The extent to which monetary policy was able to support the economy may have been muted somewhat because of the nature
of the shock. Financial institutions became more cautious in extending credit during, and to a lesser degree, after the downturn, and business and consumers became more cautious in their borrowing and spending behaviour.
One intangible, but nonetheless important transmission channel for monetary policy is through effects on confidence. Business and consumer confidence plunged in the early part of the crisis, but they recovered earlier and much more strongly than in other countries. It is reasonable to assume that the sharp cuts in interest rates, and the early and substantial fiscal policy response, contributed to this rebound, reinforcing the direct first-round effects.
Movements in the Australian dollar
The impact of the global shock is likely to have been ameliorated somewhat by the sharp fall in the Australian dollar. The fall in the currency was partly due to the sharp reduction in Australian official interest rates, although this effect was muted somewhat by the cuts in interest rates in other countries, which saw the interest differential fall by less than the fall in official cash rates. More generally the sharp decline reflected a much weaker global outlook and expectations of a steep decline in Australia’s terms of trade.
In July 2008 the Australian dollar was close to its post-float peak (74 on a TWI basis; 98 cents against the US dollar).
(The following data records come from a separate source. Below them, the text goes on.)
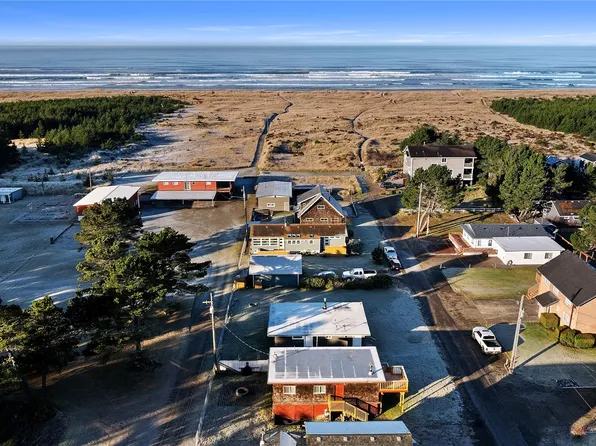1202 207th Street, Ocean Park, WA 98640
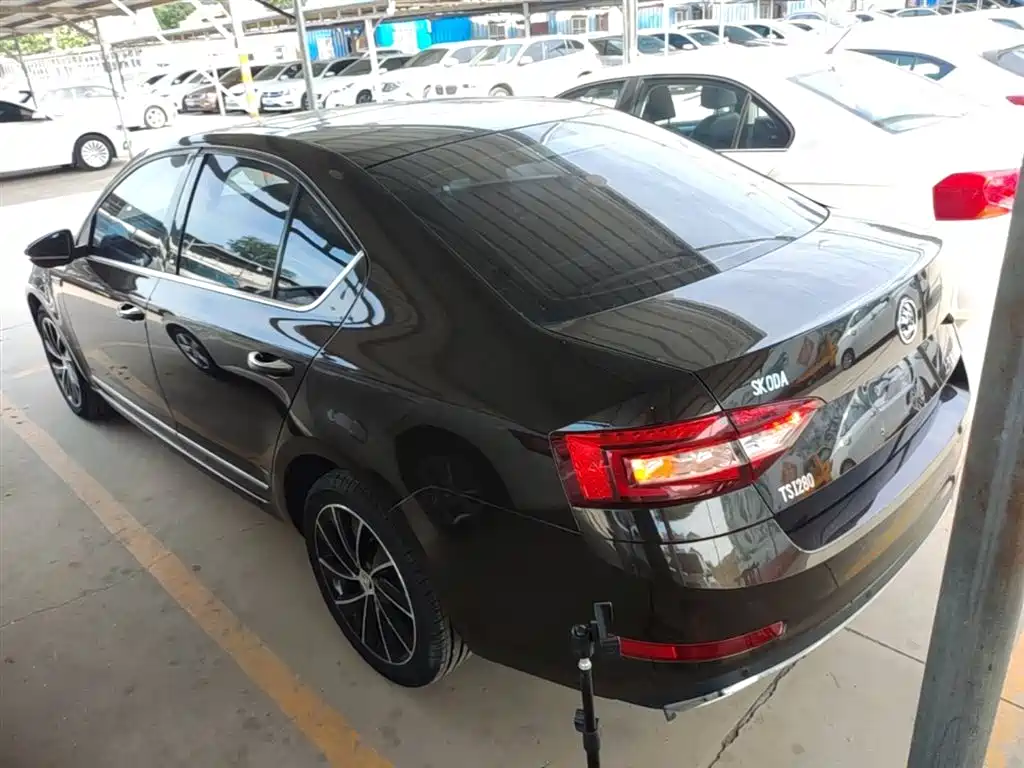 Octavia TSI280 DSG Luxury
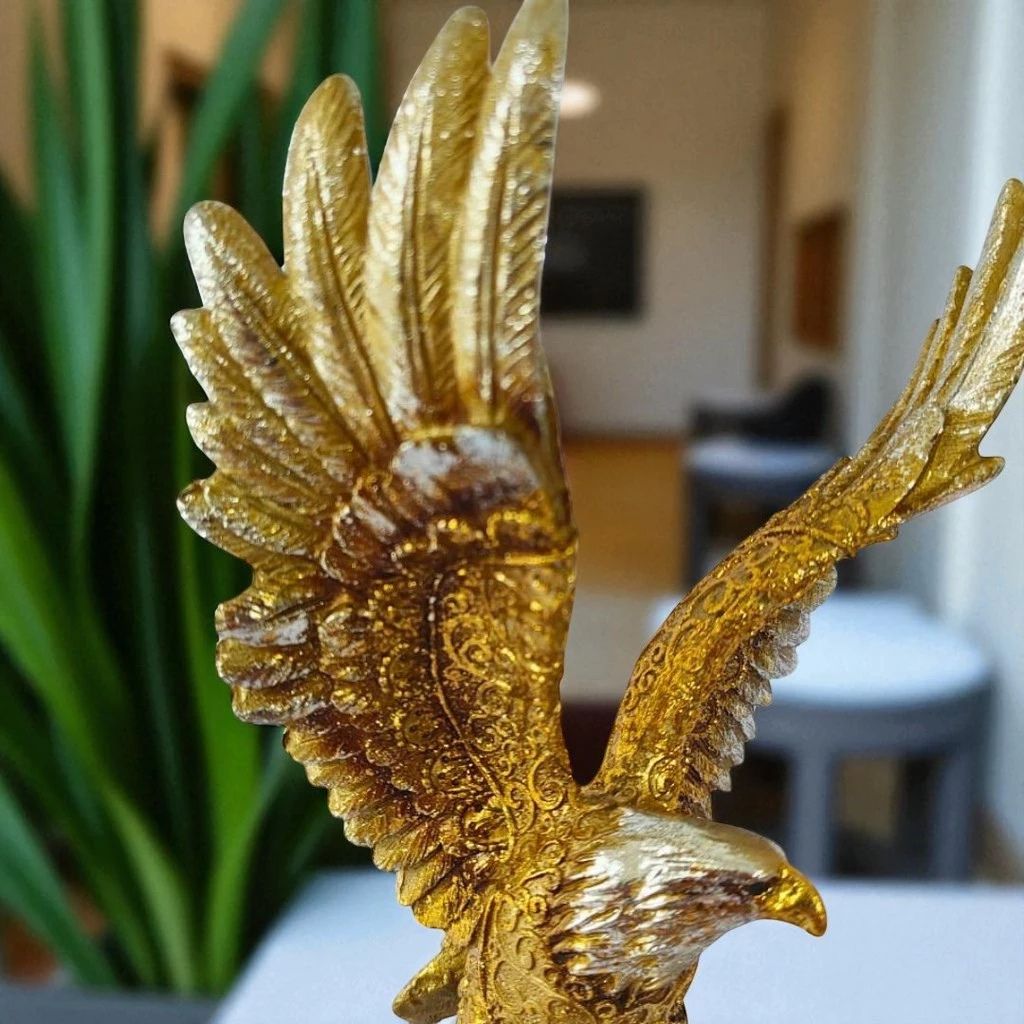 Escultura Águia Voler em resina dourada, 22cm, símbolo de força e liberdade. Peça decorativa imponente para salas, escritórios, home office e presentes especiais.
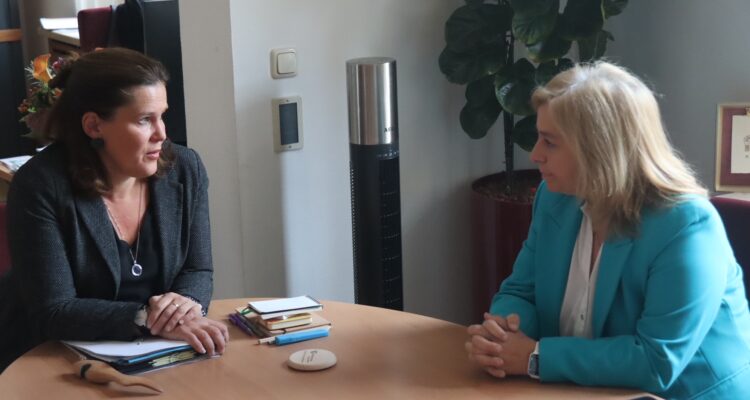 La vicealcaldesa de Madrid, Inma Sanz, conversa con la vicealcaldesa de Múnich, Verena Dietl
By October 2008, the dollar had fallen to a low of around 55 on a TWI basis and around 65 cents against the US dollar.
The sharply lower Australian dollar buttressed the Australian economy, moderating the Australian dollar impact of sharply lower global prices for Australia’s commodity exports, and improving the competitiveness of Australia’s manufacturers and services exports, and import-competing industries. That said, the relatively short duration of the exchange rate trough, the volatility and the subsequent sharp reversal mean that the contribution to growth during the downturn, while positive, is likely to have been modest.
The exchange rate appreciated sharply during 2009 to be around 68 against the TWI or around 88 US cents against the US dollar by the end of September 2009 (an appreciation of around 35 per cent).
The role of fiscal policy during and since the downturn has been the subject of considerable discussion and debate. Australia entered the crisis in a stronger fiscal position — with a budget surplus and negative net debt — than most advanced economies. The additional flexibility and credibility this gave Australia’s fiscal response to the crisis may have increased its effectiveness (Blanchard, 2010).
Australia’s fiscal space gave the Government room to allow the automatic stabilisers to act and to put in place a substantial discretionary stimulus, while still maintaining a strong fiscal position.
Automatic stabilisers of the budget
A key element of the Government’s Medium Term Fiscal Strategy is that the budget balance should be able to vary in the short term with economic conditions — that is, that the automatic stabilisers of the budget should be allowed to operate. The main channel of the automatic stabilisers during the global downturn was in a sharp downward revision to tax revenue.
The 2008-09 Budget forecast taxation receipts of $292.6 billion in 2008-09 and $310.1 billion in 2009-10. However the actual level of taxation receipts in 2008-09 was $272.6 billion ($20 billion, or 1.6 per cent of GDP lower than forecast) and the most recent estimate of taxation receipts for 2009-10 is $261.0 billion ($49 billion or 3.8 per cent of GDP lower than expected at the time of the 2008-09 Budget). Among other things, falling commodity prices due to lower global demand eroded revenue, contributing to the decline in tax receipts. Were the Government to have offset these variations it would have been contributing to, rather than leaning against, the macroeconomic instability arising out of the GFC.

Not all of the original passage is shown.